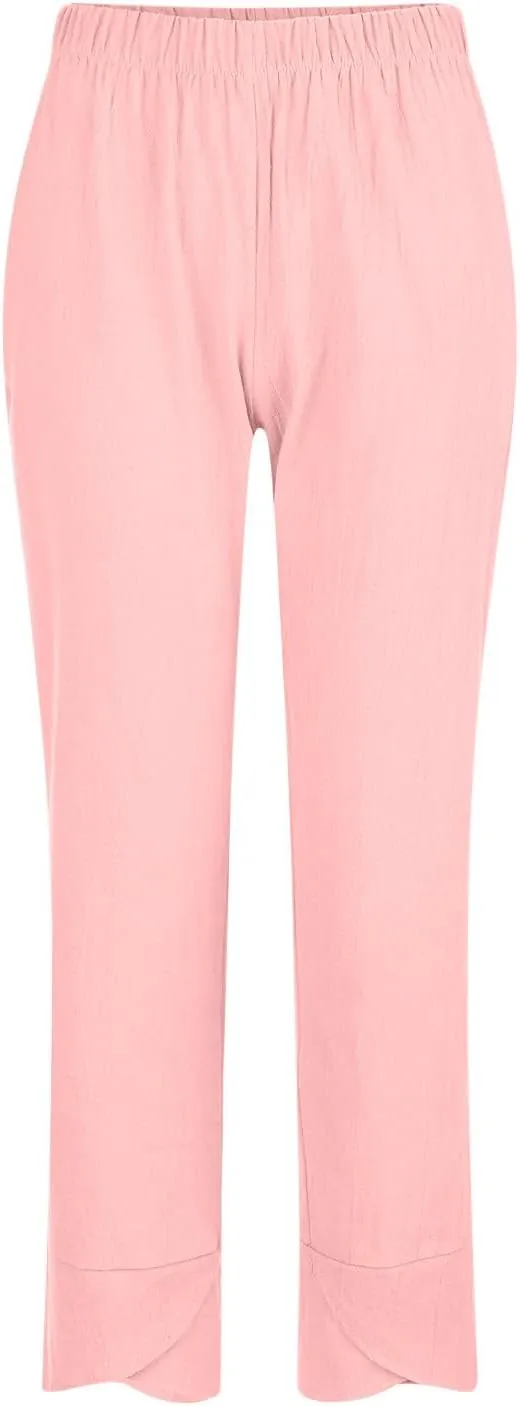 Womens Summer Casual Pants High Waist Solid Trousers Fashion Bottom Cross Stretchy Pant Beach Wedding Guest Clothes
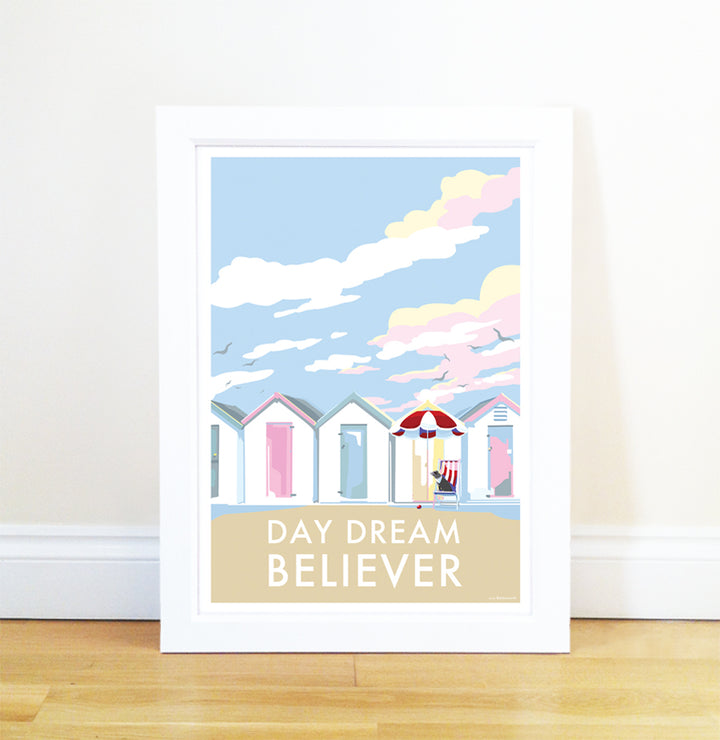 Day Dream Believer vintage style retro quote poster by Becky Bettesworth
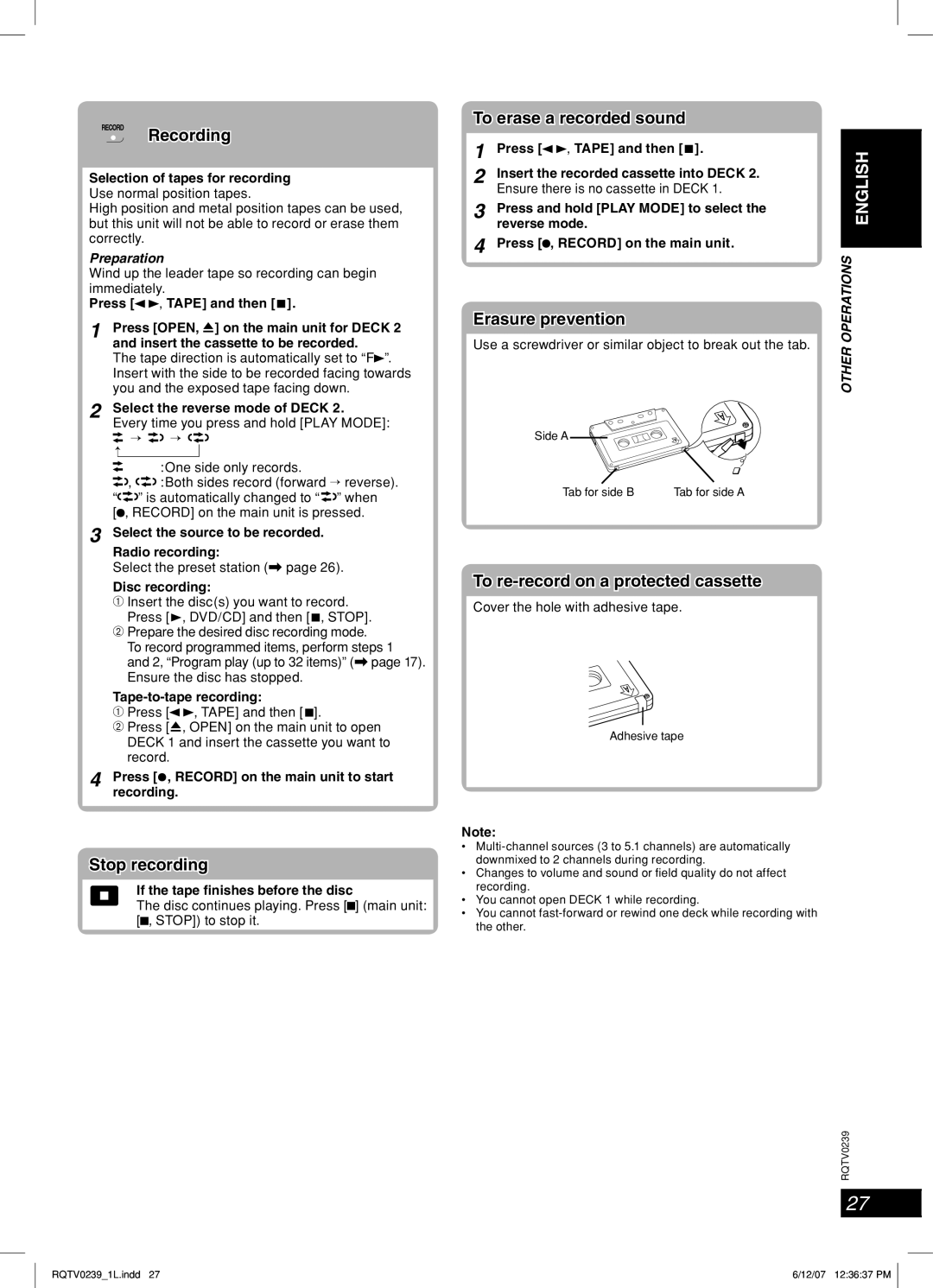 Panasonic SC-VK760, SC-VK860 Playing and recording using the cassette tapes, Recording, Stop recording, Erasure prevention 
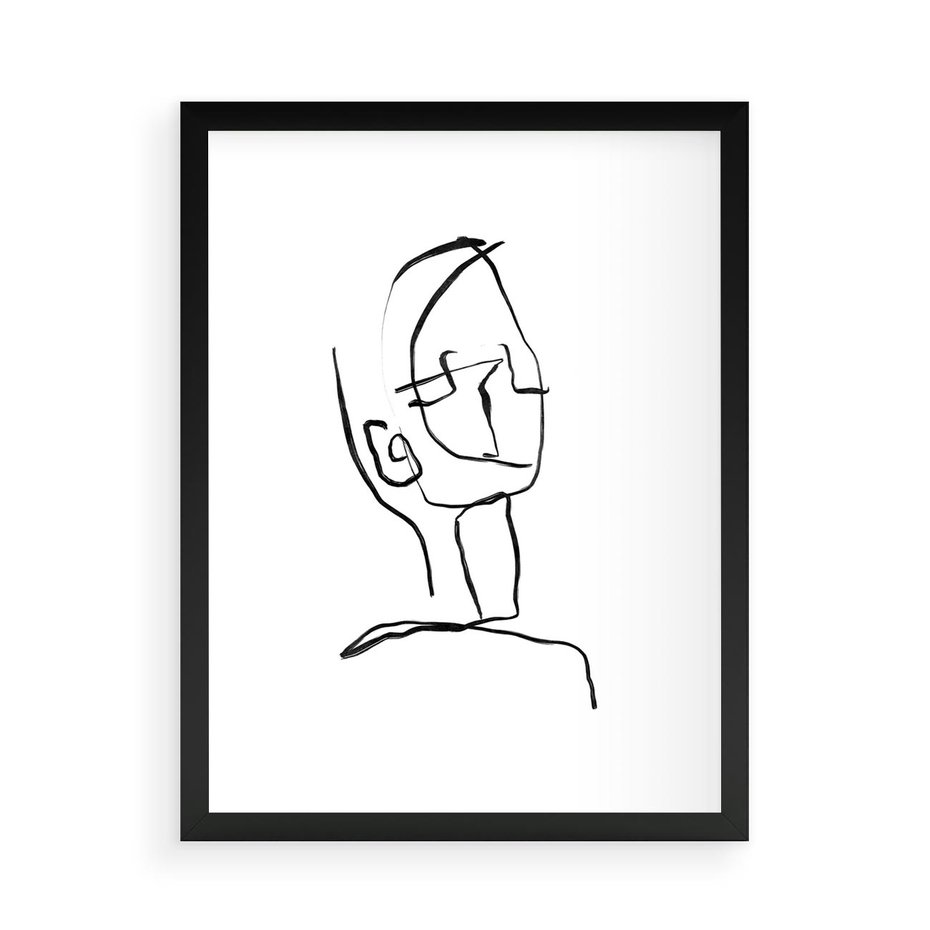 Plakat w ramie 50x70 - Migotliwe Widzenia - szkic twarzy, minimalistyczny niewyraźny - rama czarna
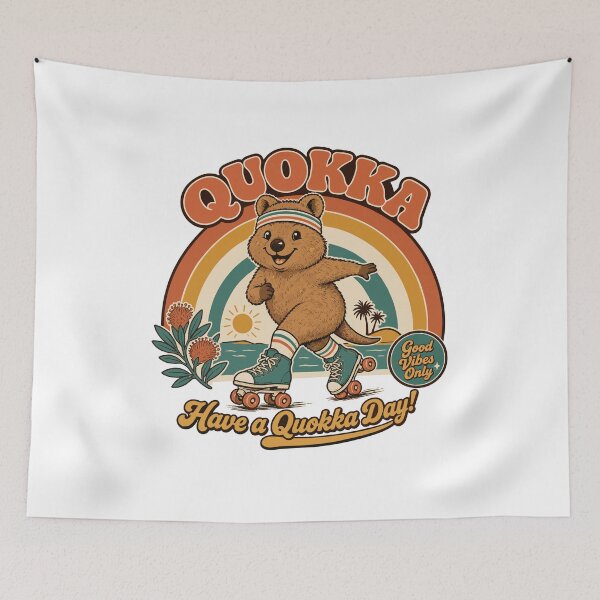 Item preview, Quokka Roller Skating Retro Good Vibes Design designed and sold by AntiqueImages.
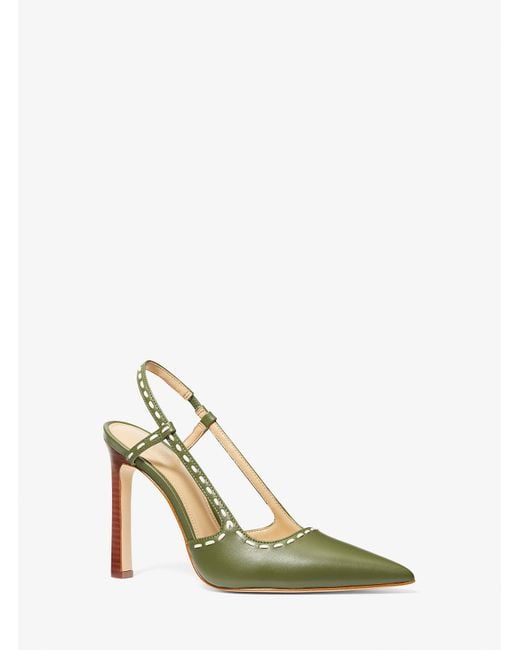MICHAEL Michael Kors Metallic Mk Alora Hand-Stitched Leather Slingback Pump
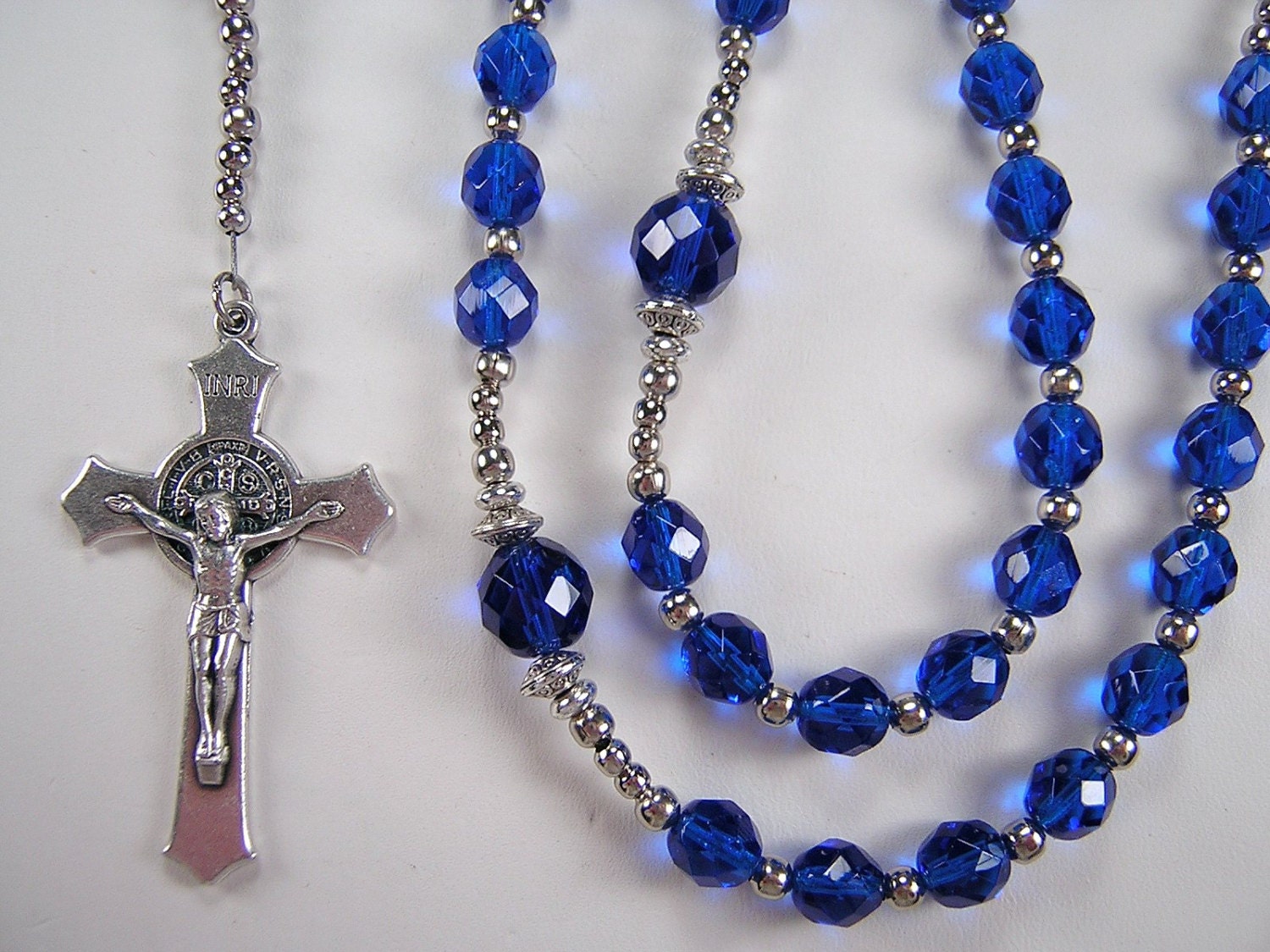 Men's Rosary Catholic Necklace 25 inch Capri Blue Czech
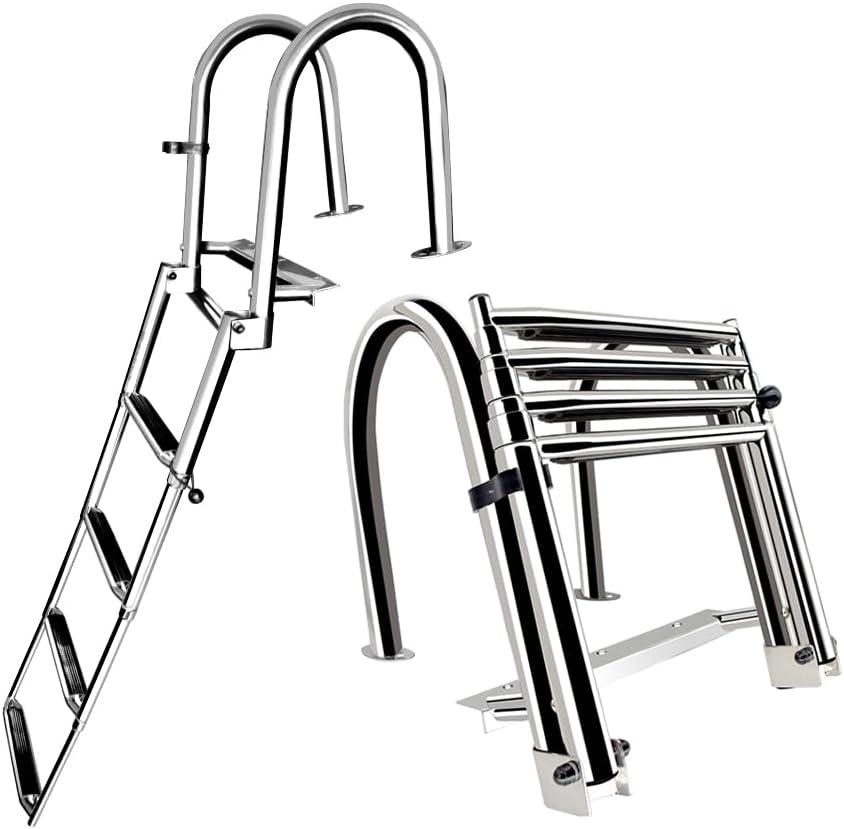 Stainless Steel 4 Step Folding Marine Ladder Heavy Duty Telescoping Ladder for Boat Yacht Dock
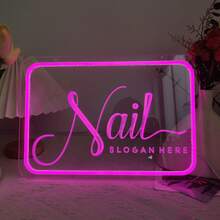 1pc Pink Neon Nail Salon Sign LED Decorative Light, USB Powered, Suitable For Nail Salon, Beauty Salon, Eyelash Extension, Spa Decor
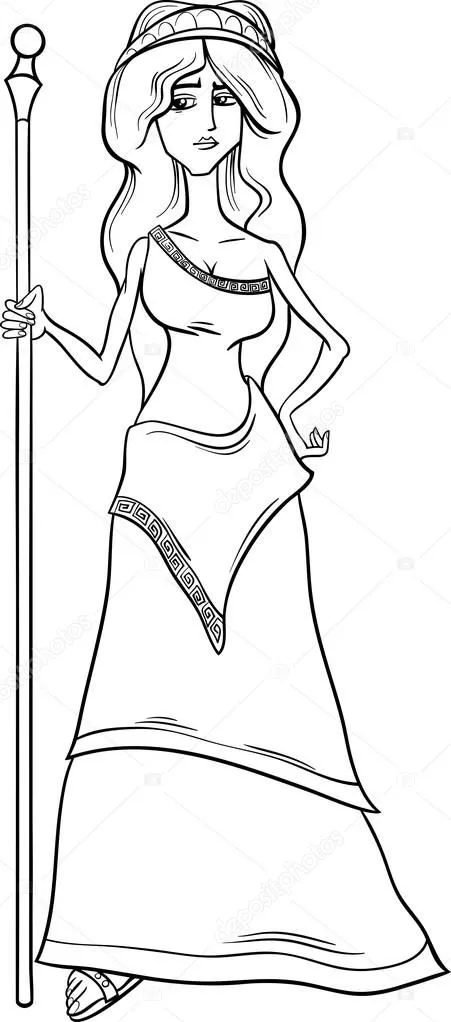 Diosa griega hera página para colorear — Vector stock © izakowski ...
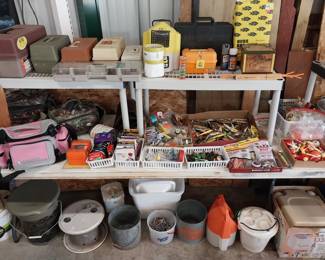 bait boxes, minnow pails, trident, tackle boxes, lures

• • • • •

No pictures go in the copy. Output exactly the lines from the line containing "MICHAEL Michael Kors" through the end of the listing above.

## OUTPUT OF THE TASK
MICHAEL Michael Kors Metallic Mk Alora Hand-Stitched Leather Slingback Pump
 Men's Rosary Catholic Necklace 25 inch Capri Blue Czech
 Stainless Steel 4 Step Folding Marine Ladder Heavy Duty Telescoping Ladder for Boat Yacht Dock
 1pc Pink Neon Nail Salon Sign LED Decorative Light, USB Powered, Suitable For Nail Salon, Beauty Salon, Eyelash Extension, Spa Decor
 Diosa griega hera página para colorear — Vector stock © izakowski ...
 bait boxes, minnow pails, trident, tackle boxes, lures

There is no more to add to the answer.